For more information, see the [random sampling documentation from NumPy](https://numpy.org/doc/1.16/reference/routines.random.html).

In [None]:
import numpy.random as random

random.seed(1234) # fix the random number generator, for testing purposes
print(random.rand(2,4)) # (2,4) array of Uniform(0,1)
print(random.normal(3, 0.5, size=(2,4))) # (2,4) array of Normal(3,0.5)

## 6. pickle library

The pickle module implements binary protocols for serializing and de-serializing a Python object structure. The user can then store them locally and load them in another session.

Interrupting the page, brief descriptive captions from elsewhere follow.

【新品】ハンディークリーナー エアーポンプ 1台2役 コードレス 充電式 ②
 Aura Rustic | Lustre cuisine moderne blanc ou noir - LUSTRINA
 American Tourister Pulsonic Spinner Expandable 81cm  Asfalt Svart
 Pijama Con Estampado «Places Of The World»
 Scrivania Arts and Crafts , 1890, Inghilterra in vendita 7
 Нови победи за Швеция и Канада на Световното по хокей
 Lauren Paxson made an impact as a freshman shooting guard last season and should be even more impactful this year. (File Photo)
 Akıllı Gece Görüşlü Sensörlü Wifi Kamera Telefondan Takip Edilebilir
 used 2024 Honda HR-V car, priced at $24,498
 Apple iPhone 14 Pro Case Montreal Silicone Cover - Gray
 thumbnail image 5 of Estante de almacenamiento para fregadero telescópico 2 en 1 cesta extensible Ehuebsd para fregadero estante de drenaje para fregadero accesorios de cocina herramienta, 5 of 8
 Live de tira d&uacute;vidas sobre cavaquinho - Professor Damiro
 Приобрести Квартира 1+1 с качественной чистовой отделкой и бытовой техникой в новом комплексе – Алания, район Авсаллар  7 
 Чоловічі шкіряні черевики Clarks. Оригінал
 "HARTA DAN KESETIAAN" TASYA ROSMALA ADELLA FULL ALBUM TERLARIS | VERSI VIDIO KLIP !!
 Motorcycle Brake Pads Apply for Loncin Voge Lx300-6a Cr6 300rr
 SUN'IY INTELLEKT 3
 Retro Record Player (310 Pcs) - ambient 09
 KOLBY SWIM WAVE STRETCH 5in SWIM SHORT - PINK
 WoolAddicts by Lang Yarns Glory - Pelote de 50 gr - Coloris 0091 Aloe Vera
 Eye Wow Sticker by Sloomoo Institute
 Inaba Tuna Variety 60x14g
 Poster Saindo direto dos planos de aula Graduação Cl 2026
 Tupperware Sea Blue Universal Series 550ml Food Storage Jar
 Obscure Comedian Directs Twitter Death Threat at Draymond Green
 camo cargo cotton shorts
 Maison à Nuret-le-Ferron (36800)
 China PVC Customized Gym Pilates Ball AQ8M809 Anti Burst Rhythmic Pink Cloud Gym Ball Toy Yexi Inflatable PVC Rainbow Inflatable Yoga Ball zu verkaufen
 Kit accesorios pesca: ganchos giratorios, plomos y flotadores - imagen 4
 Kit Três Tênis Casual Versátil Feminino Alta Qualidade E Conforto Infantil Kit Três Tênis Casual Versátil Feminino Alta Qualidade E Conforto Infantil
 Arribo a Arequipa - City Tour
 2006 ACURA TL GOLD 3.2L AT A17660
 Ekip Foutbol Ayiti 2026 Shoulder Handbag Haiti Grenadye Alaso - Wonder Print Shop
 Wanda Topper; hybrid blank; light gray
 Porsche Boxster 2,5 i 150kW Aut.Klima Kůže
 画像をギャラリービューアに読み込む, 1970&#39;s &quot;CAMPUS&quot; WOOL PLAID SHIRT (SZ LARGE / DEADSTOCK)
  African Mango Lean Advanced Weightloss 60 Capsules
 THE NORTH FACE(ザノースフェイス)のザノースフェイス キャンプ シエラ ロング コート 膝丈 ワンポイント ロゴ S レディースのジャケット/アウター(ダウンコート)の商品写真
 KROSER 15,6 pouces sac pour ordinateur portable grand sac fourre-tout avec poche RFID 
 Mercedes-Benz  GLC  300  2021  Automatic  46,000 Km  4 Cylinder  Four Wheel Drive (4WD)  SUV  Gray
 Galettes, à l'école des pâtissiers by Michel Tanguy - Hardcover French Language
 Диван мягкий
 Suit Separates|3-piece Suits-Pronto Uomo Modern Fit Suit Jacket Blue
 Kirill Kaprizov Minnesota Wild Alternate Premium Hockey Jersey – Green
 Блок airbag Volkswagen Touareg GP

For more information on this library, see the [pickle documentation](https://docs.python.org/3/library/pickle.html#module-pickle).

In [None]:
import pickle

a = {'hello': 'world'}
filename = "filename"

with open(filename + ".pickle", 'wb') as handle: # writing mode
    pickle.dump(a, handle, protocol=pickle.HIGHEST_PROTOCOL)

In [None]:
with open(filename + ".pickle", 'rb') as handle: # reading mode
    b = pickle.load(handle)
    
b

## 7. pandas library

pandas is a fast, powerful, flexible and easy to use open source data analysis and manipulation tool. It provides
- an efficient DataFrame object;
- functions to read and write data;
- optimized performance for reshaping, slicing, grouping, merging, etc.
- and much more.

For more information on this library, see the [pandas documentation](https://pandas.pydata.org/). We use random numbers to generate our dataframe, but we could instead read a .csv/.xlsx file, see <code> pandas.read_csv/pandas.read_excel("filename", ...) </code>.

In [None]:
import pandas as pd

df1 = pd.DataFrame(np.random.randn(8, 4), columns=list('ABCD')) # create a dataframe
df1.head() # print the first 5 lines

In [None]:
df1.sort_index(axis=1, ascending=False).head() # sort column names by descending order

In [None]:
df1.sort_index(axis=0, ascending=False).head() # sort index names by descending order

In [None]:
df1.sort_values(by='B').head() # sort by values of column "B"

In [None]:
df1.loc[1:4, ['A','C']] # selection, similar to NumPy

In [None]:
df1[df1['A'] > 0] # indexing with booleans, similar to NumPy

In [None]:
df1['E'] = ['one', 'two', 'three', 'four', 'five', 'six', 'seven', 'eight'] # add new columns
df1.loc[9] = [1,2,1,2,'nine'] # add new observations
df1

In [None]:
df2 = pd.DataFrame(np.random.randn(8,4), columns=list('ABCD')) # create another dataframe
df3 = pd.concat([df1, df2]) # concatenate both dataframes (reset index names with ignore_index=True)
df3

In [None]:
df3.loc[0] # selection by index

In [None]:
df3.iloc[0] # selection by rows

In [None]:
# import the file "grades.xlsx" (see https://pandas.pydata.org/docs/reference/api/pandas.read_excel.html?highlight=read_excel#pandas.read_excel)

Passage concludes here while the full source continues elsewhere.